I am using random, but it is not totally random either, references are generated with some locality though the use of working set size and number page referenced parameters?
I tried increasing the numPageReferenced relative with numFrames in hope that it will reference a page currently in memory more, thus showing the performance benefit of LRU over FIFO, but that didn't give me a clear result tho. Just FYI, I tried the same app with the following parameters (Pages/Frames ratio is still kept the same, I reduced the size of data to make things faster).
--numReferences 1000 --numPages 100 --numFrames 10 --numPageReferenced 20
The result is
Still not such a big difference. Am I right to say if I increase numPageReferenced relative to numFrames, LRU should have a better performance as it is referencing pages in memory more? Or perhaps I am mis-understanding something?
For random, I am thinking along the lines of:
Suppose theres high stability and small working set. It means that the pages referenced are very likely to be in memory. So the need for the page replacement algorithm to run is lower?
Hmm maybe I got to think about this more :)
UPDATE: Trashing less obvious on lower stablity
Here, I am trying to show the trashing as working set size exceeds the number of frames (100) in memory. However, notice thrashing appears less obvious with lower stability (high t), why might that be? Is the explanation that as stability becomes low, page faults approaches maximum thus it does not matter as much what the working set size is?
These results are reasonable given your current implementation. The rationale behind that, however, bears some discussion.
When considering algorithms in general, it's most important to consider the properties of the algorithms currently under inspection. Specifically, note their corner cases and best and worst case conditions. You're probably already familiar with this terse method of evaluation, so this is mostly for the benefit of those reading here whom may not have an algorithmic background.
Let's break your question down by algorithm and explore their component properties in context:
FIFO shows an increase in page faults as the size of your working set (length axis) increases.
This is correct behavior, consistent with Bélády's anomaly for FIFO replacement. As the size of your working page set increases, the number of page faults should also increase.
FIFO shows an increase in page faults as system stability (1 - depth axis) decreases.

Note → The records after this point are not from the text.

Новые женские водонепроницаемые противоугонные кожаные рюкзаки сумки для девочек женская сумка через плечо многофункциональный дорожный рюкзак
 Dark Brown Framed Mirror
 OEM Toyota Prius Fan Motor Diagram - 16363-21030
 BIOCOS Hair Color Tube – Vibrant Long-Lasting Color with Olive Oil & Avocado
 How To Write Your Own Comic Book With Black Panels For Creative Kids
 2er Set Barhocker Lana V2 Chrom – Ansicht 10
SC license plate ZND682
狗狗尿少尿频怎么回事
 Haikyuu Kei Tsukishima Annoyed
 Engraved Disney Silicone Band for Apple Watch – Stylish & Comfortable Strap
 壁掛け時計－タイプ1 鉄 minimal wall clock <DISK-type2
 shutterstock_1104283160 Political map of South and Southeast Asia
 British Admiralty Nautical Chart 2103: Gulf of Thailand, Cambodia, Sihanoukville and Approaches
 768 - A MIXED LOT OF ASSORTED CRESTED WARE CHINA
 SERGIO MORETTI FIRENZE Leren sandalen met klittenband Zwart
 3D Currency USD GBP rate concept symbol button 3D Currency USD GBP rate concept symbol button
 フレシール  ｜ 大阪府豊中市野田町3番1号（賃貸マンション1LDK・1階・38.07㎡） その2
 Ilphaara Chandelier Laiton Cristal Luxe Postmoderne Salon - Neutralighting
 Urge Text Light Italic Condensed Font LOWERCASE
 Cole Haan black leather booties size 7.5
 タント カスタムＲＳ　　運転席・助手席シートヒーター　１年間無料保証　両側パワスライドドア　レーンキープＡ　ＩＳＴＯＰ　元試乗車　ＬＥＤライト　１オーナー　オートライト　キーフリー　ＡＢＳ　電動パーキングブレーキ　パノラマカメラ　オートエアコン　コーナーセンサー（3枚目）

Noting your algorithm for seeding stability (if random.random() < stability), your results become less stable as stability (S) approaches 1. As you sharply increase the entropy in your data, the number of page faults, too, sharply increases and propagates the Bélády's anomaly.
So far, so good.
LRU shows consistency with FIFO. Why?
Note your seeding algorithm. Standard LRU is most optimal when you have paging requests that are structured to smaller operational frames. For ordered, predictable lookups, it improves upon FIFO by aging off results that no longer exist in the current execution frame, which is a very useful property for staged execution and encapsulated, modal operation. Again, so far, so good.
However, recall how you seeded your input data: using random.random, thus giving you a uniform distribution of data with your controllable level of entropy. Because of this, all values are equally likely to occur, and because you've constructed this in floating point space, recurrences are highly improbable.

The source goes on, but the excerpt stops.